It is not a complete navigation solution by itself. A magnetometer is sensitive to nearby ferrous metal, current-carrying wires, speakers, magnets, and board-level bias. For good heading, it needs calibration and a local magnetic declination correction if the goal is true north rather than magnetic north.
## What Each Example Actually Does
### `QMC6310_GetDataExample`
This is the basic bring-up example. It:
- Uses `setupBoards()` and the board I2C scan to discover the magnetometer address.
- Initializes the sensor.
- Configures continuous measurement mode.
- Prints compensated values and raw values for X/Y/Z to serial.
This is the best starting point for an exercise whose first goal is "show me live data."

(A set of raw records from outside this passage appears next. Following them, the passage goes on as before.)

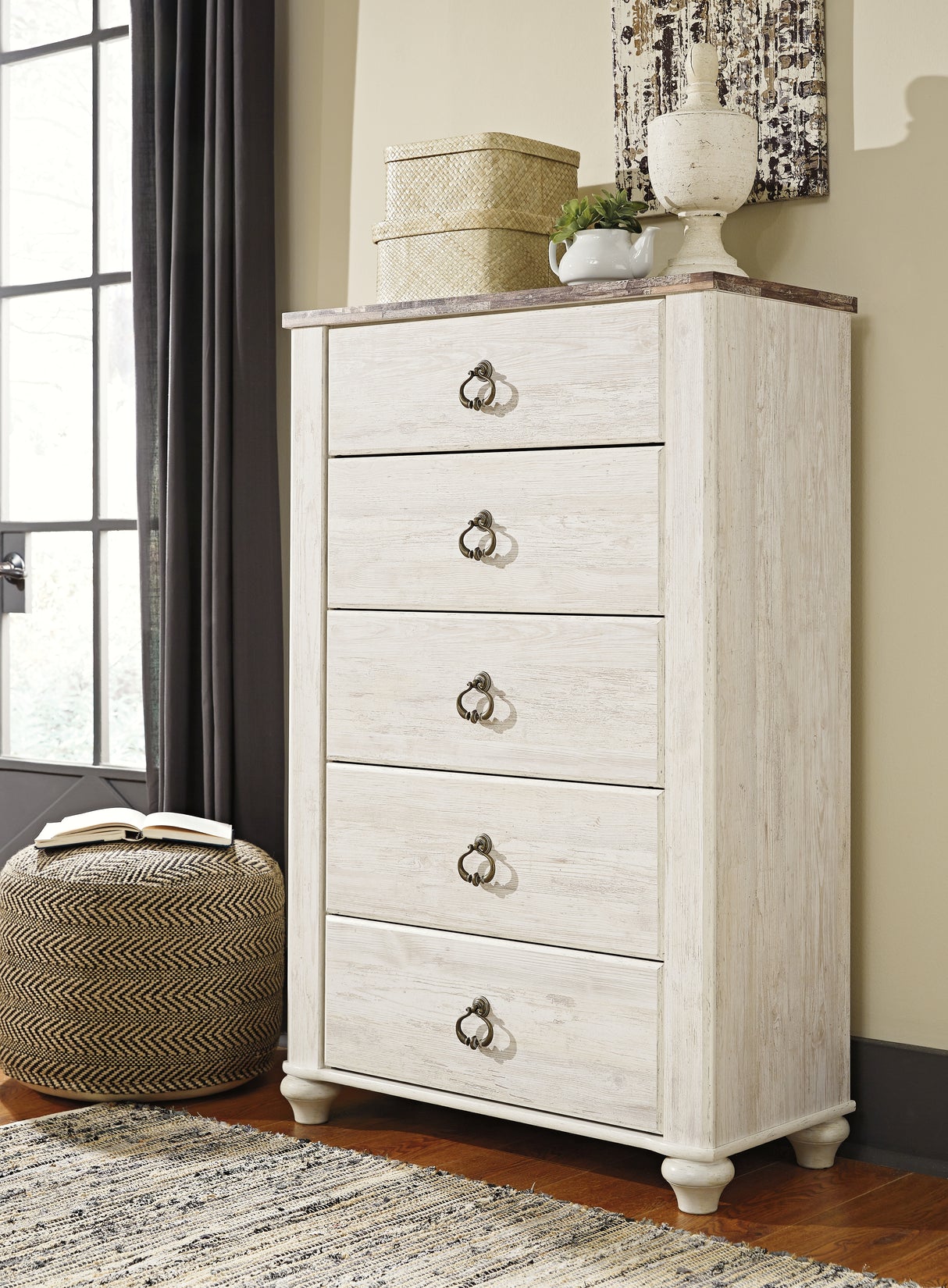 Furniture City Slidell - Ashley Furniture - Willowton Bedroom - Five Drawer Chest / Whitewash - B267-46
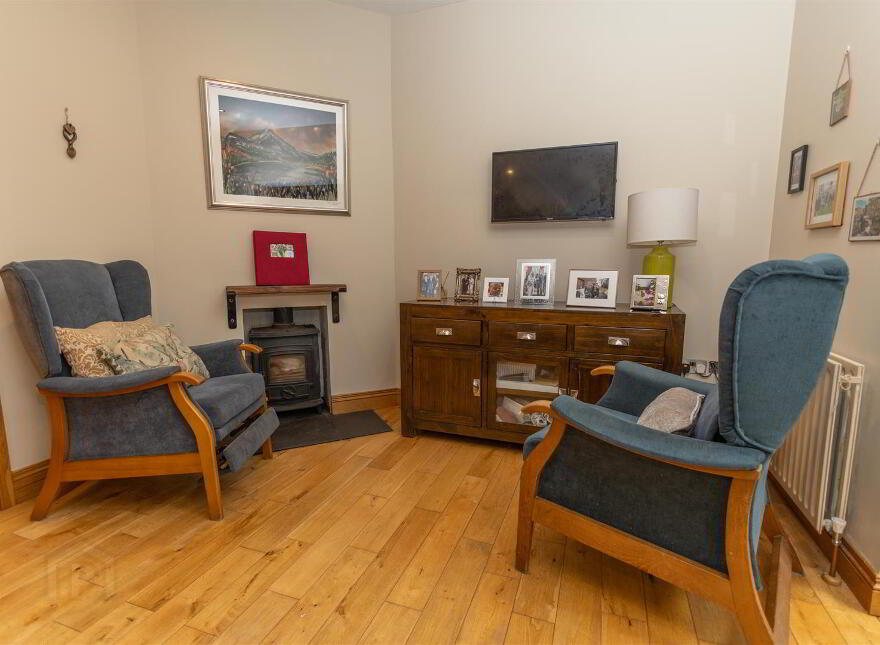 2 Great Georges Avenue, Warrenpoint, Newry, BT34 3HY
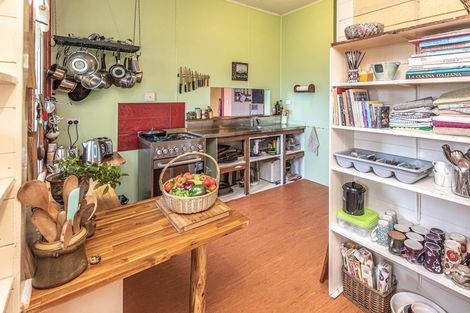 Photo of property in 25 Brassey Street, Waverley, 4510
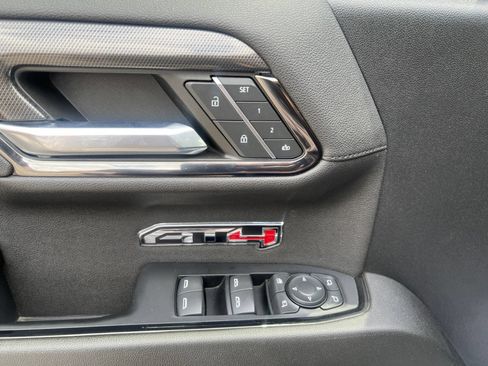 Used 2024 GMC Sierra 1500 AT4 w/ AT4 Premium Package AWD/4WD image 27
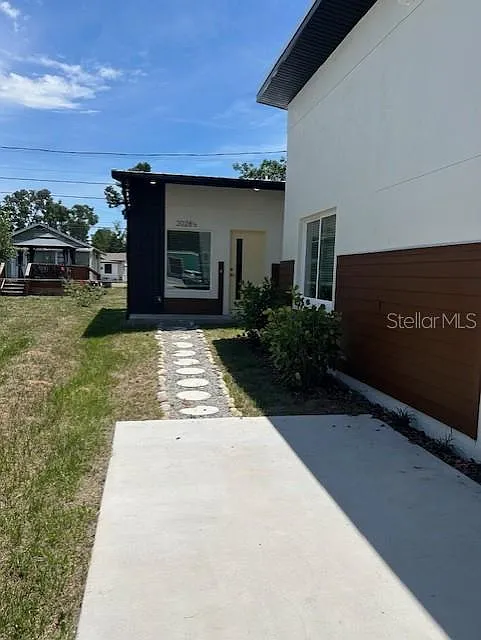 1 bed, 1.0 bath, 550 sqft, $1,500 — Photo 2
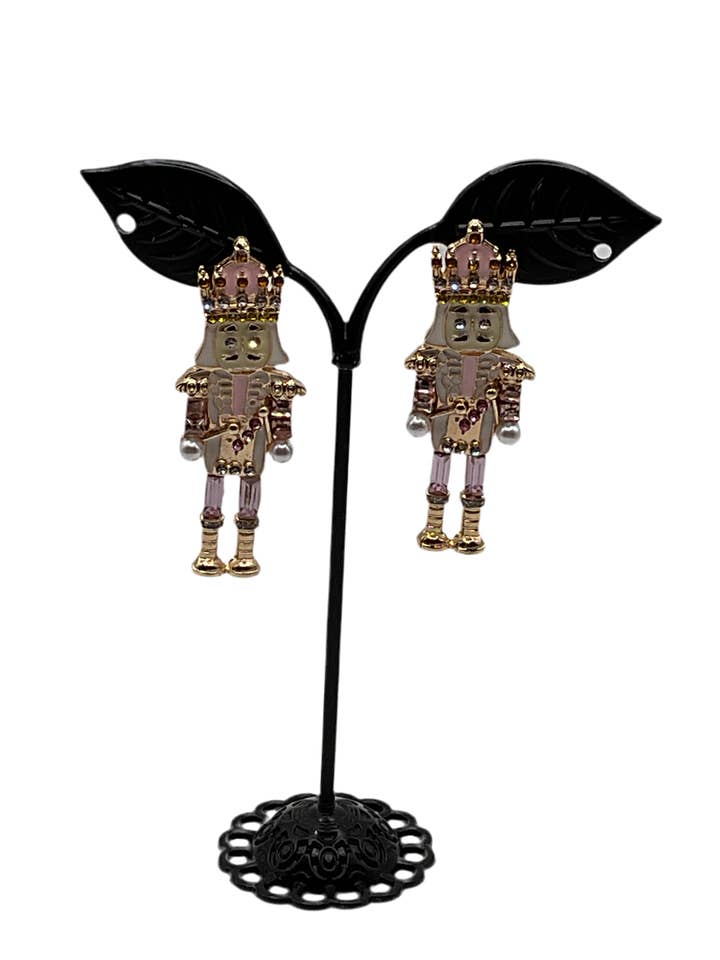 Pendientes cascanueces para venta al por mayor de S and E Hobbies and Collectables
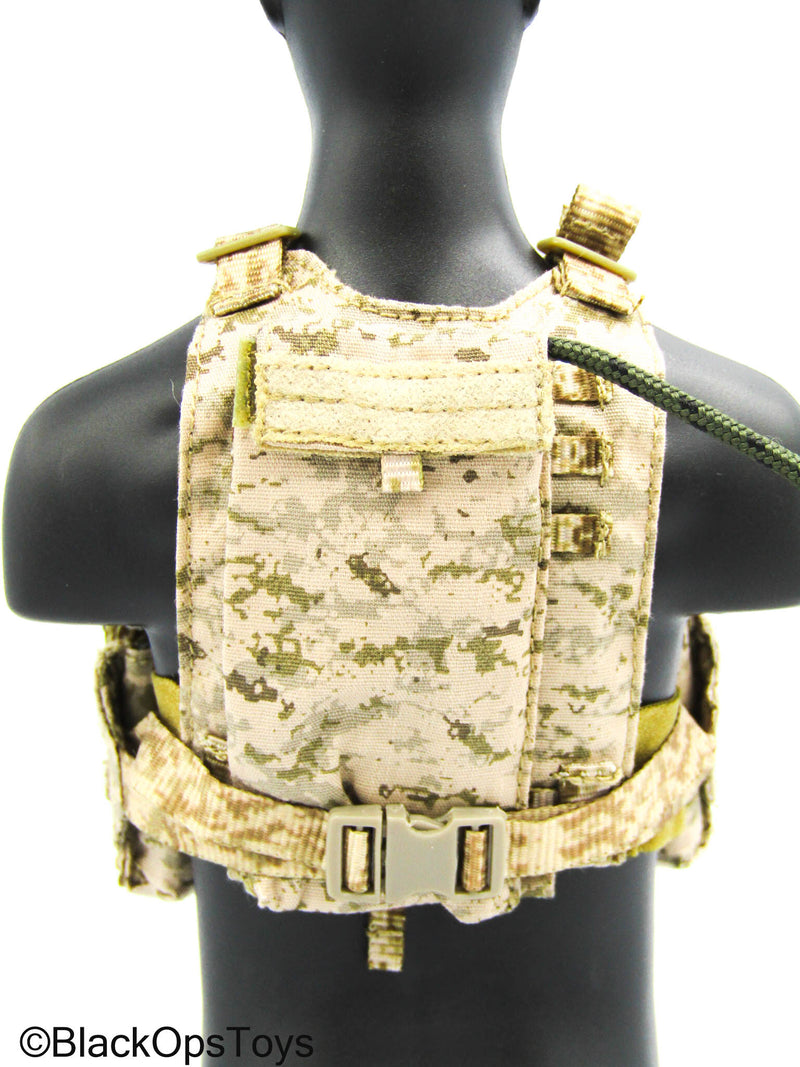 Load image into Gallery viewer, SMU Tier 1 Op. RECCE Element - AOR1 MOLLE Combat Vest
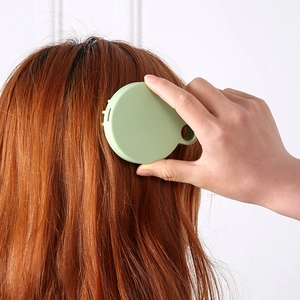 Brosse de massage cuir chevelu en silicone vert pour éliminer les pellicules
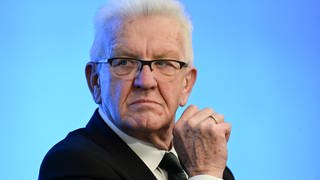 Winfried Kretschmann (Bündnis 90Die Grünen), Ministerpräsident von Baden-Württemberg, nimmt im Landtag an einer Landespressekonferenz teil.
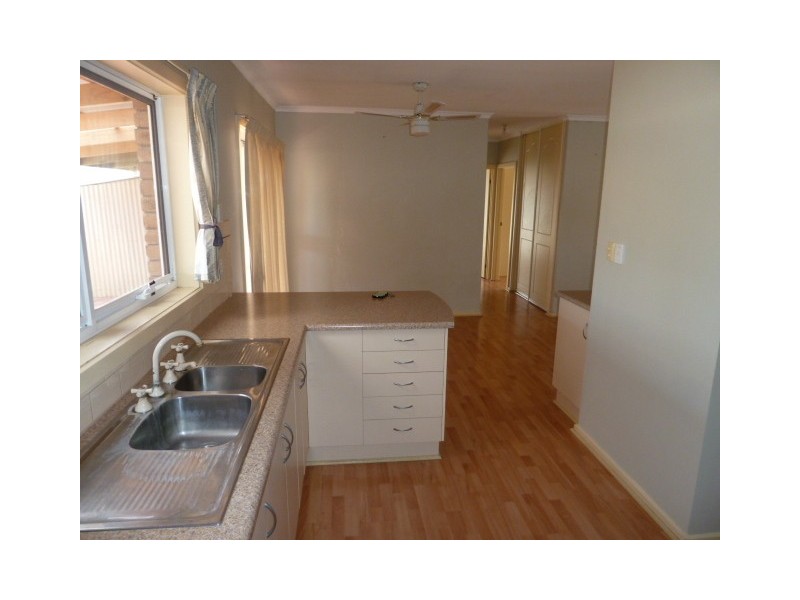 3/2 Todd Street, Kingston Se SA 5275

### `QMC6310_GetPolarExample`
This example is the smallest heading-oriented demo. It:
- Reads magnetometer data.
- Converts the reading to a polar heading.
- Applies a declination correction.
- Prints heading, Gauss, and microtesla values.
This is useful once raw axis data is already trusted.
### `QMC6310_CompassExample`
This is a user-interface example. It:
- Reads X/Y values.
- Computes a heading with a hard-coded declination.
- Draws a compass arrow on the OLED.
- Also emits debug values on serial.
This demonstrates a real-time visual display, but it is still only as good as the underlying calibration.
### `QMC6310_CalibrateExample`
This example computes hard-iron offsets by watching the min/max raw values while the board is slowly rotated. It then applies:
- `x_offset = (x_max + x_min) / 2`
- `y_offset = (y_max + y_min) / 2`
- `z_offset = (z_max + z_min) / 2`
Those offsets are passed to `qmc.setOffset(...)`, after which subsequent readings are shifted by those values.
This is a runtime calibration aid, not a persistent factory calibration workflow.
## Calibration: Does It Need To Happen Every Boot?
Short answer: no, not if you save the offsets somewhere and re-apply them at boot.
Important detail from the local driver:
- `setOffset(...)` only stores offsets in the driver object's RAM.
- The offsets are not written into nonvolatile sensor storage.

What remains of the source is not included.